*** Block opens ***

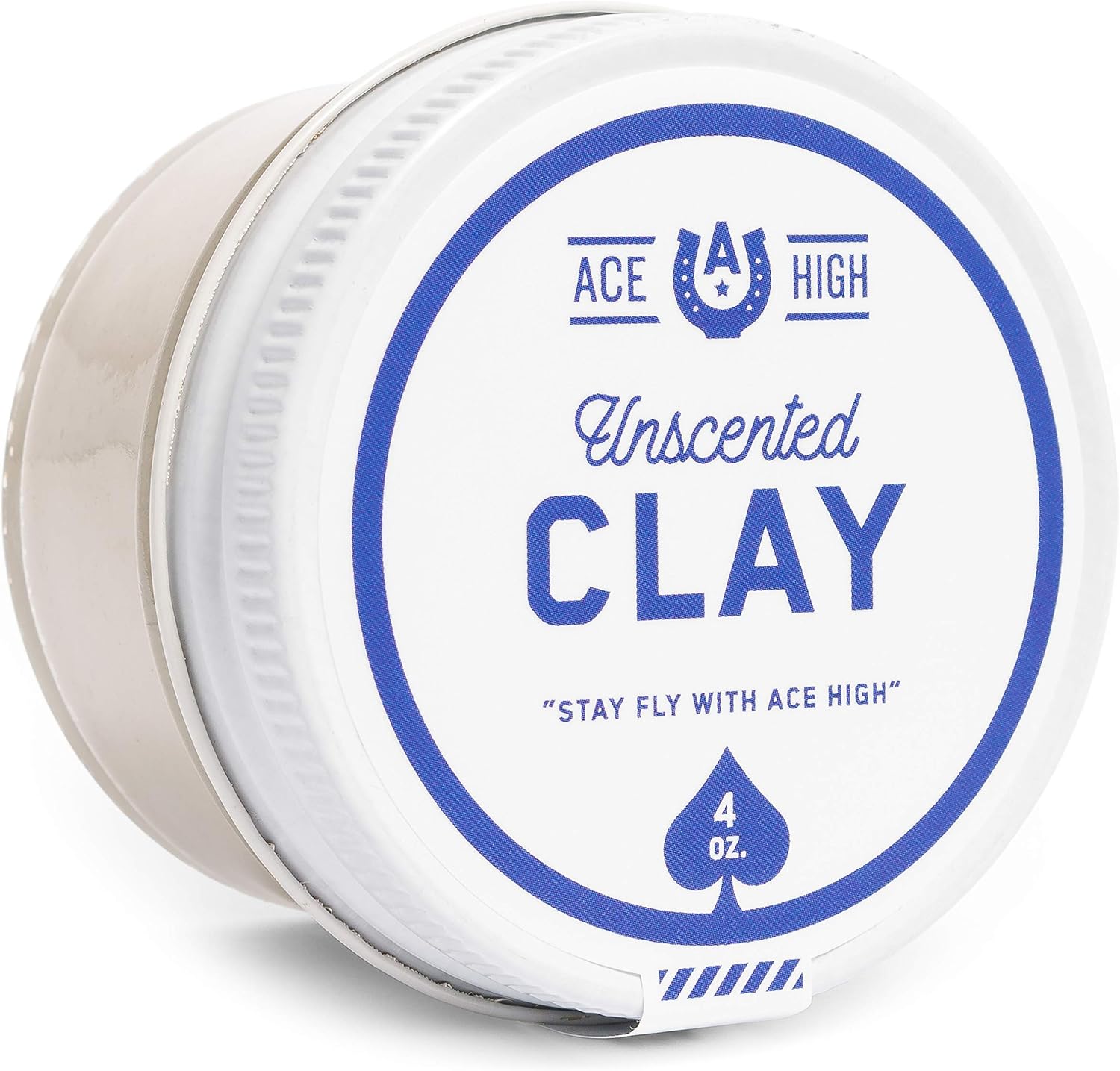 Ace High Unscented Hair Clay front view jar premium styling clay pomade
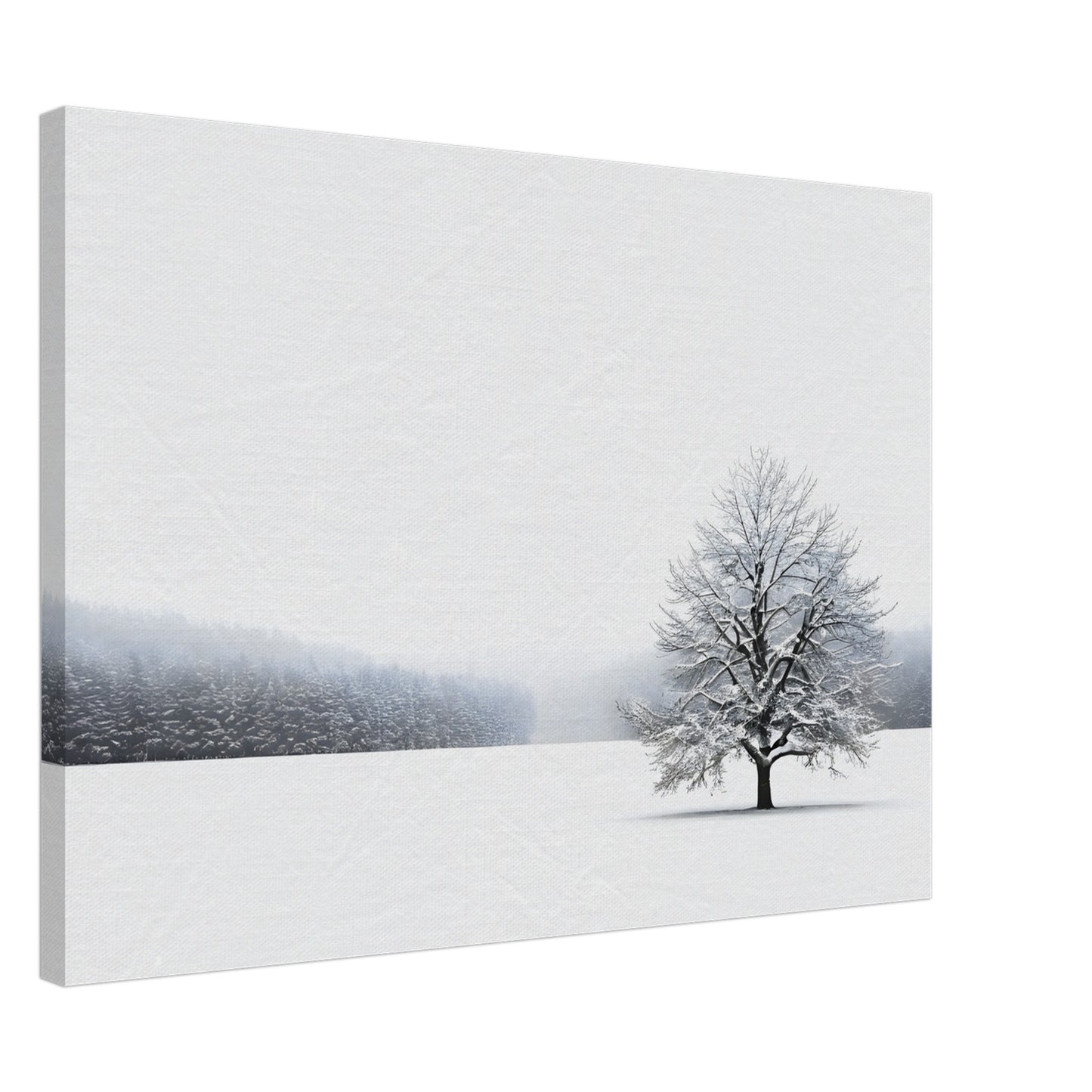 Minimalist Abstract Winter Landscape Canvas Art for Home Decor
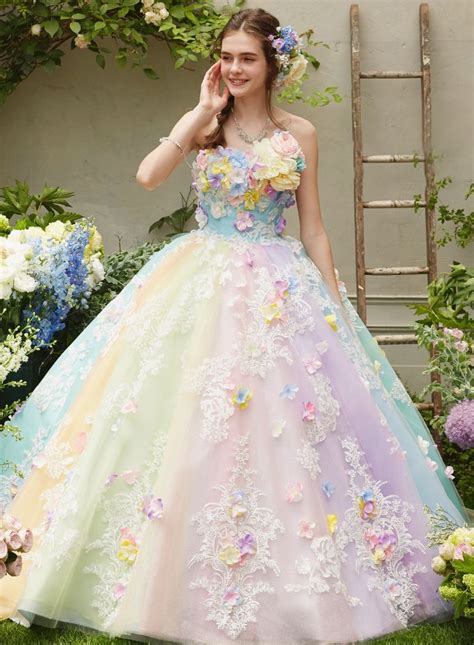 This Pastel Rainbow Gown From Nicole Collection Featuring 3d Floral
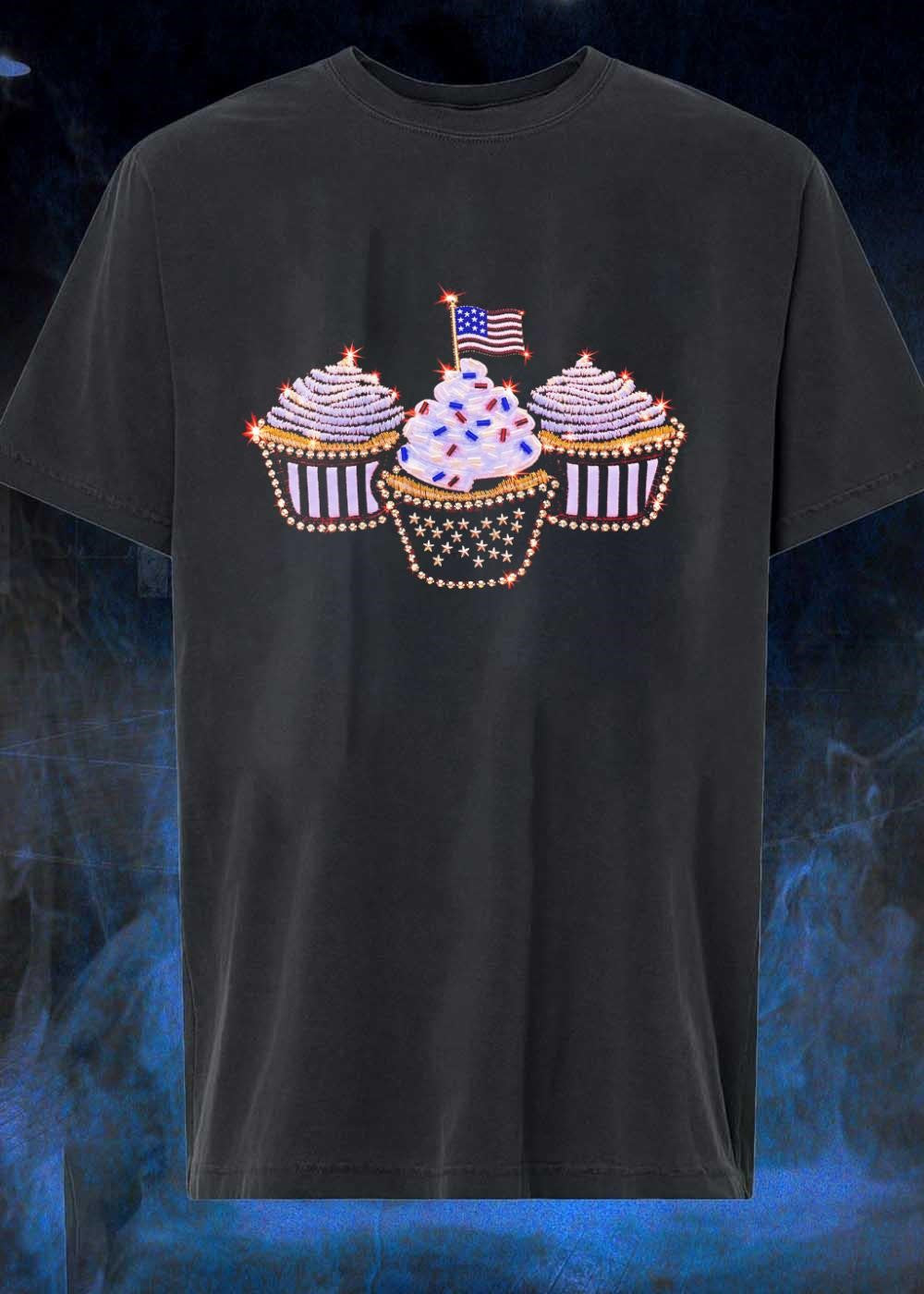 Patriotic Beaded Decor American Flag Cupcake - Adult & Kids T-Shirts, Sweatshirts & Hoodies apparel design preview 1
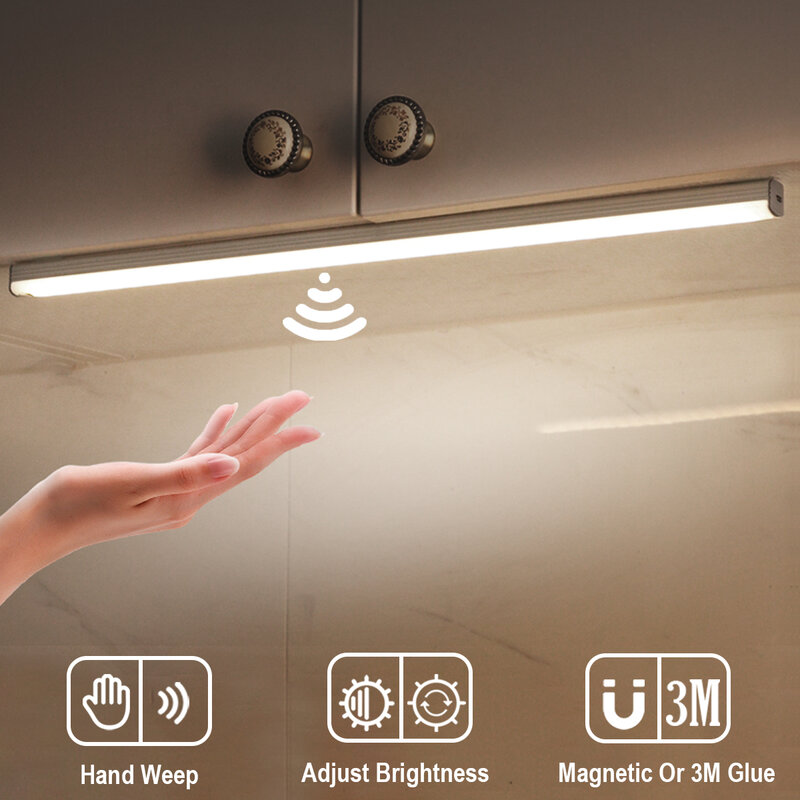 LED ภายใต้ตู้ไฟมือกวาด Sensor โคมไฟ30 40 50ซม.Motion Sensor Light ตู้เสื้อผ้าตู้เสื้อผ้าสำหรับห้องนอนห้องครัว light Home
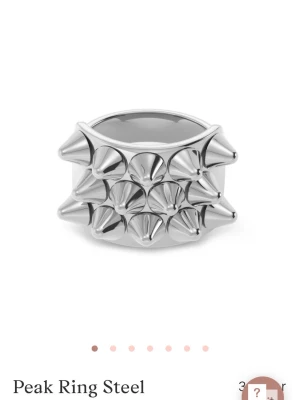 Silvrig ring med nitar - Ring från Edblad med nitar, skulle inte säga den har några tydliga tecken på användning men är använd fåtal gånger, storlek 19,50 som motsvarar L-XL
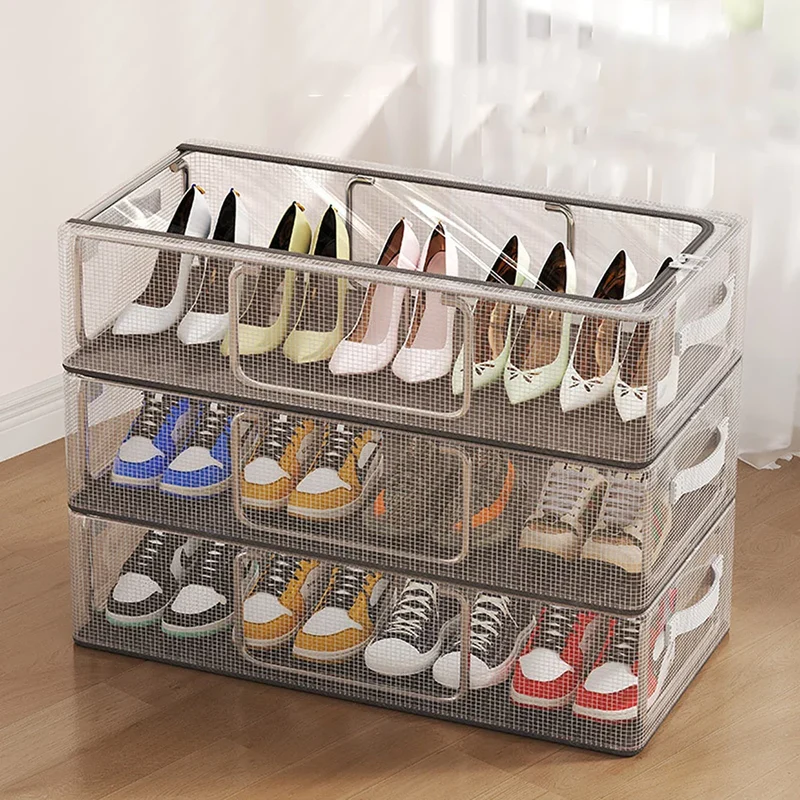 Transparente Schuhbox stapelbar – 40 × 30 cm, 15/21 cm hoch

*** Block closes ***

**WHAT TO PRODUCE**
With the pictures stripped out, return each record word for word.

**FINAL ANSWER**
 Ace High Unscented Hair Clay front view jar premium styling clay pomade
 Minimalist Abstract Winter Landscape Canvas Art for Home Decor
 This Pastel Rainbow Gown From Nicole Collection Featuring 3d Floral
 Patriotic Beaded Decor American Flag Cupcake - Adult & Kids T-Shirts, Sweatshirts & Hoodies apparel design preview 1
 LED ภายใต้ตู้ไฟมือกวาด Sensor โคมไฟ30 40 50ซม.Motion Sensor Light ตู้เสื้อผ้าตู้เสื้อผ้าสำหรับห้องนอนห้องครัว light Home
 Silvrig ring med nitar - Ring från Edblad med nitar, skulle inte säga den har några tydliga tecken på användning men är använd fåtal gånger, storlek 19,50 som motsvarar L-XL
 Transparente Schuhbox stapelbar – 40 × 30 cm, 15/21 cm hoch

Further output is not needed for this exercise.